RecIS provides a rich Hook system to extend the training process:

Hook

class recis.hooks.hook.Hook[source]

Base class for all hooks in the RecIS training system.

Hooks provide a way to extend the training process by defining callback methods that are called at specific points during training, evaluation, and execution. All custom hooks should inherit from this base class and override the relevant callback methods.

The hook system supports the following callback points: - Training lifecycle: before_train, after_train - Evaluation lifecycle: before_evaluate, after_evaluate - Epoch lifecycle: before_epoch, after_epoch - Step lifecycle: before_step, after_step - Cleanup: end

after_data(is_train=True, *args, **kwargs)[source]

Called after each data batch.

after_epoch(is_train=True, *args, **kwargs)[source]

Called after each training epoch completes.

This method is invoked at the end of each training epoch, after all steps in that epoch have been executed.

after_step(is_train=True, *args, **kwargs)[source]

Called after each training step completes.

This method is invoked after each individual training step has been executed.
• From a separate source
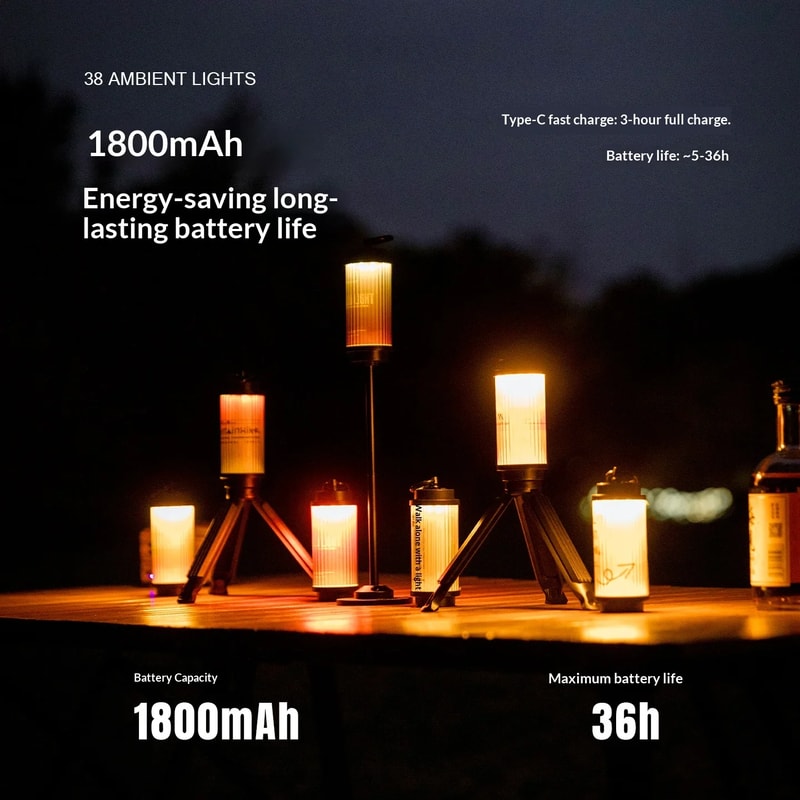LED Camping Lantern Portable Rechargeable Outdoor Hanging Light with Long Battery Life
Use this for per-step processing logic, such as logging metrics or updating statistics.

after_window(is_train=True, *args, **kwargs)[source]

Called after each window.

before_epoch(is_train=True, *args, **kwargs)[source]

Called before each training epoch starts.

This method is invoked at the beginning of each training epoch, before any steps in that epoch are executed.

before_step(is_train=True, *args, **kwargs)[source]

Called before each training step.

This method is invoked before each individual training step is executed. Use this for per-step setup logic.

before_window(is_train=True, *args, **kwargs)[source]

Called before each window.

end(is_train=True, *args, **kwargs)[source]

Called at the very end of the training process.

This method is invoked for final cleanup operations, such as closing files, finalizing logs, or releasing resources. It is called after all other hook methods have completed.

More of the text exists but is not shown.